While looking up some history of the Great Wall I was surprised by this article which stated the Great Wall was actually not that efficient at keeping invaders out but rather served more as a psychological safety net for the people of China. It doubles as one of the 7 wonders of the ancient world and one of China’s most iconic landmarks. There is well over 3,000 miles of wall to explore, so you can imagine I was quiet excited when I heard we were going to a part of the wall only locals knew about.
My last experience at the wall was jam packed full of tour buses. Street vendors lined either side of the car park selling all sorts of souvineers. You could dress up like an emporer or empress and parade down the crowded pathway along with the hordes of people. It was winter time and the steps were steep and icy – let’s just say it wasn’t the best experience to take in the beauty the Great Wall had to offer.
From the car park, you’ll walk through a local town with many food options and vendors selling a variety of wild, organic nuts and dried fruit. After a few hundred meters you’ll reach the ticketing entrance.

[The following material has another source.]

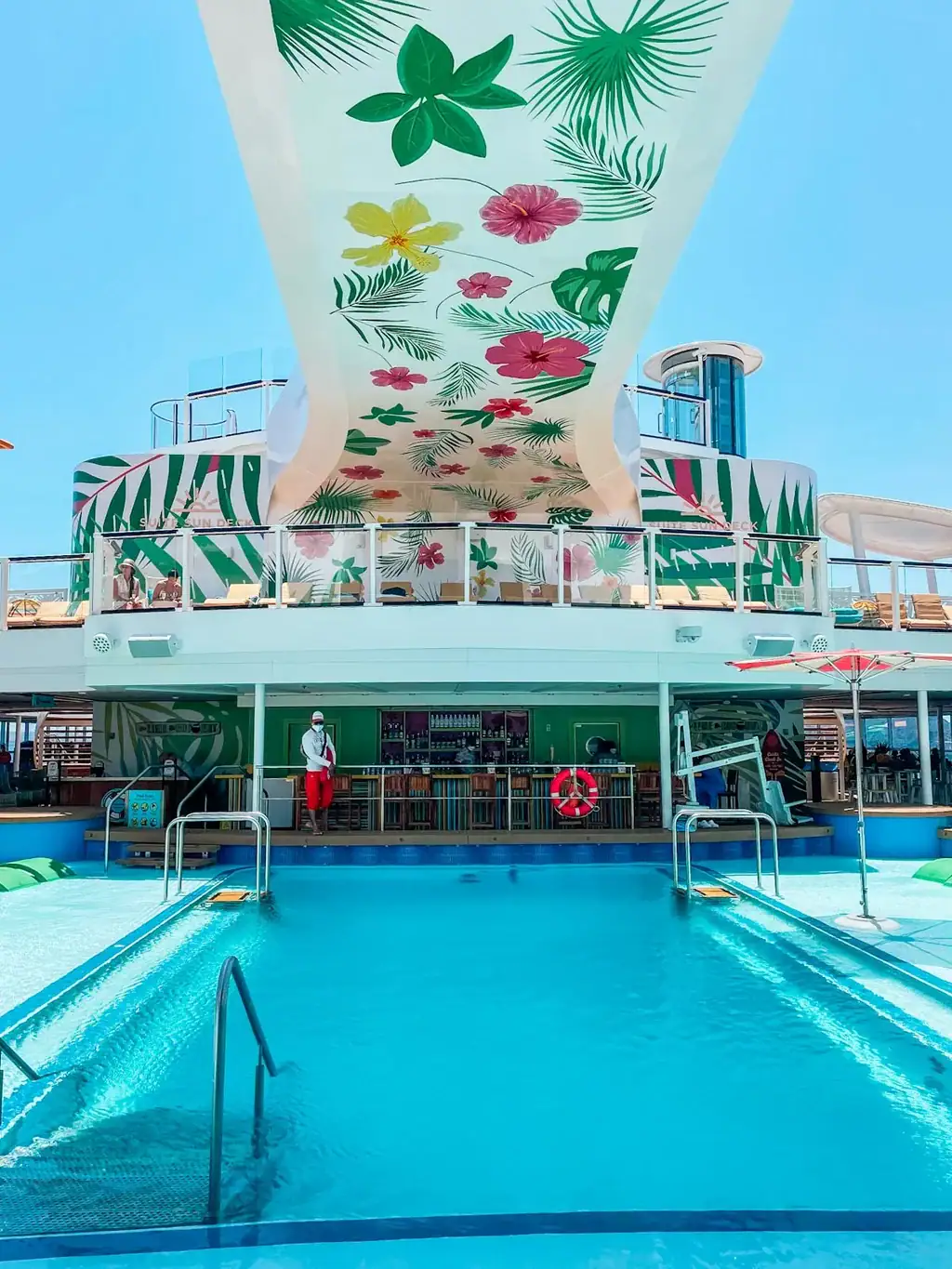Pool on Odyssey of the Seas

A walk across the dam then you’ll start the hike up the shallow steps. We were really lucky to catch the first few peach blossoms in bloom. I could imagine once in full bloom the entire mountainside would be transformed. It’s a short hike until you reach the summit of the wall and once on top the view is breathtaking. To the right, you can see hikers peppered along the unrestored areas then down a beautiful reservoir followed by mountains filled with peach trees and off in the distance the wall disappears behind one of the peaks.
We enjoy the cool breeze and a few locals flying kites. You’re able to walk down to the reservoir where the wall disappears into the water and you can grab an ice cream and enjoy the passing time.